Trotz Gegenwind gehen die ersten 5km noch in 4:06, so ungefähr hätte ich mir das Tempo vorgestellt, einige Plätze mache ich auch auf dem Weg zurück zum Plesch noch gut, der Schnitt sinkt leider schon auf 4:20, bei jeder Labestelle ein paar langsame Schritte und ISO reinschütten, eher verschütten, mehr als zwei Schluck´ schaff ich nicht.

Raus auf die zweite Runde, ich zähle die Kilometer runter, nurmehr neun, acht, Brücke rauf und runter, sieben, sechseinhalb, letzte Wende beim Lentos, noch fünf, Brücke rauf und runter, unter der Brücke durch, Tunnelblick, so finster wars vorher nicht, bitte lieber Kreislauf bleib noch, nur mehr 4:42min/km auf dem letzten Fünfer, ich verliere vier Ränge, verdammt bin ich langsam..... Anita und Stefan peitschen mich ins Ziel, unter 4h50 muß sich ausgehen...... ich bekomme das Banner für die schnellste Dame, der Moderator ist fast so konfus wie ich....... mir ist übel, der Kreislauf fängt sich aber schnell, Folie zum einwickeln, Finishermedailie, jetzt realisiere ich, ich hab´s geschafft!

 

 

4:22/km am Halben ist für mich mies, trotzdem auch am Laufsplit Platz 28.
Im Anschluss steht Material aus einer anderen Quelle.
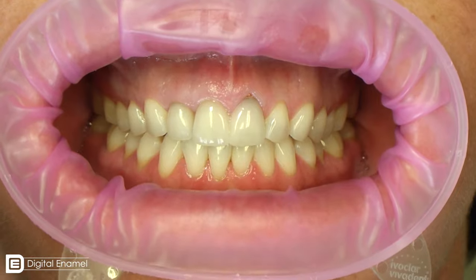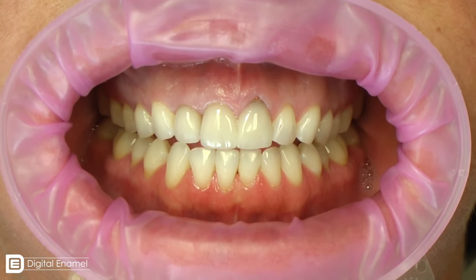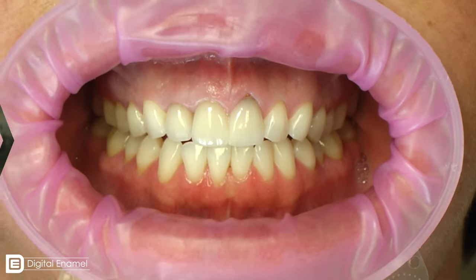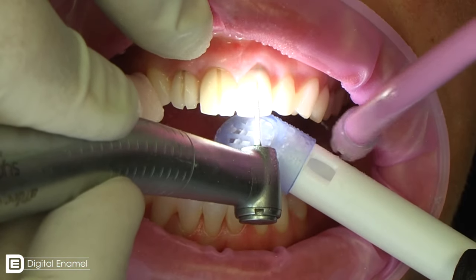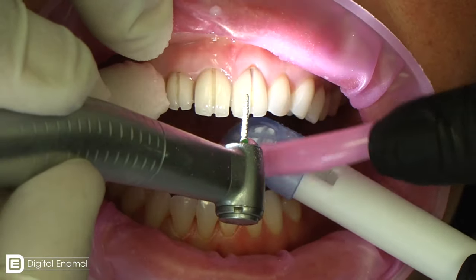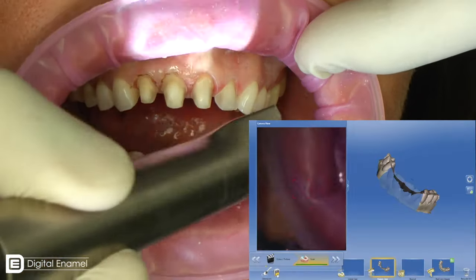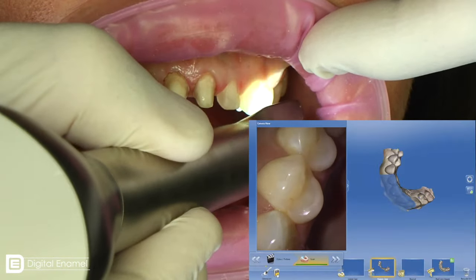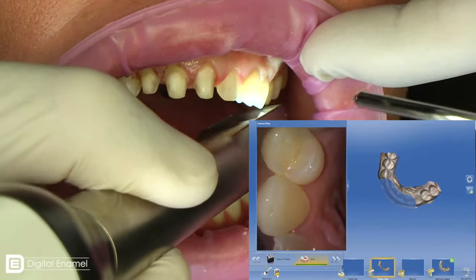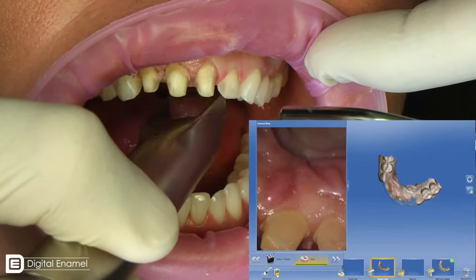We have Lori here. We've got an Optragate from Ivoclar Vivadent, and we always use that because it helps keep things retracted. Taking these three restorations off is not very hard — they're probably a feldspathic ceramic, so we use a typical situation where we make notches. Then we refine the preparations and use a little bit of laser to get the height-to-width ratio or the gingival apices a little bit higher on her 7 and 8.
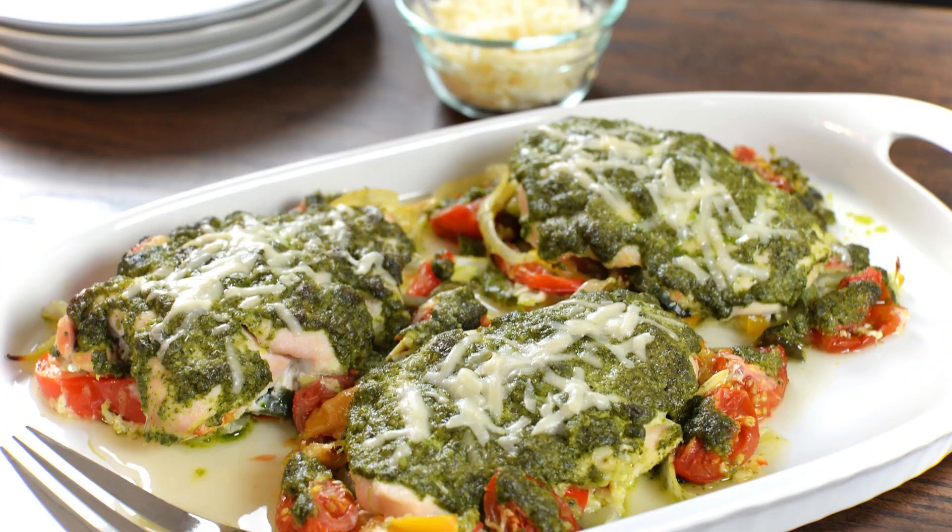Pesto Chicken Patties. Pesto chicken patties are a delicious and easy-to-make recipe that combines ground chicken with pesto sauce, breadcrumbs, and seasonings. Here's a simple recipe to make these tasty patties.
Ich habe alles gegeben die Leistung passt.

Zurück zum Womo mit auskühlenden und somit schmerzenden Muskeln... sogar die nur lauwarme Dusche fühlt sich paradisisch an.

Trockene Klamotten an und wieder zum Ziel, finde mich in der Ergebnisliste recht weit oben, Platz 37 gesamt und 5 in der AK40, Landesmeisterschaft gesamt Platz 5 und ..... yesss, zweiter in der Landesmeisterschaft AK40.

Die drei Leberkäsesemmeln schmecken da gleich noch besser, etwas Smalltalk unterm Sonnen- äh Regenschirm bis zur Siegerehrung, dann schnell nach Hause und endgültig aufwärmen...

 

Die Auswertungen auf Pentek zeigen dann schon Potential für Verbesserungen: Schwimmen, Wechsel, Laufen, da bleibt dann eigentlich eh nimmer viel .......

 

Vielen Dank Berny, dass Du mich mit Deiner professionellen Trainingsplanung schon soweit gebracht hast, aber bitte, mach endlich einen richtigen Triathleten aus mir ;-)

 

 

Zum Bericht vom Veranstalter.....

 

 

Update 21.5.2013:

In der einen Woche seit dem Bewerb hatte ich nun Gelegenheit Gründe für die gar so eklatant langsamen letzten Kilometer zu finden.

Ich war extrem auf den Radsplit fokussiert, dass ich noch einen Halbmarathon drauflaufen sollte war mir nicht so richtig bewußt.

Die Folge davon: Ich habe am Rad recht kompromisslos hingehalten, essen war kein Thema, gerade einen halben Riegel an fester Nahrung neben meinem  Kohlehydratgetränk habe ich runtergewürgt. Viel zu wenig um bis ans Ende Energie zu haben....

Rund 1800kCal habe ich rein am Rad verbraucht, geschätzte 400-500 schon vorher beim Schwimmen, 1200 brauch ich für einen Halbmarathon, soviel kann bei mir nicht in den Speichern sein.

Der Fettverbrennungsanteil war bei der Intensität nicht ausreichend um mich mit Power ins Ziel zu tragen.

Kommentar schreiben

Kommentare: 2
  • #1

    maff (Sonntag, 12 Mai 2013 16:28)

    Starke Leistung, gratuliere!

  • #2

    Günter (Montag, 20 Mai 2013 11:59)

    Spät aber doch: Meine Hochachtung!! Gratuliere.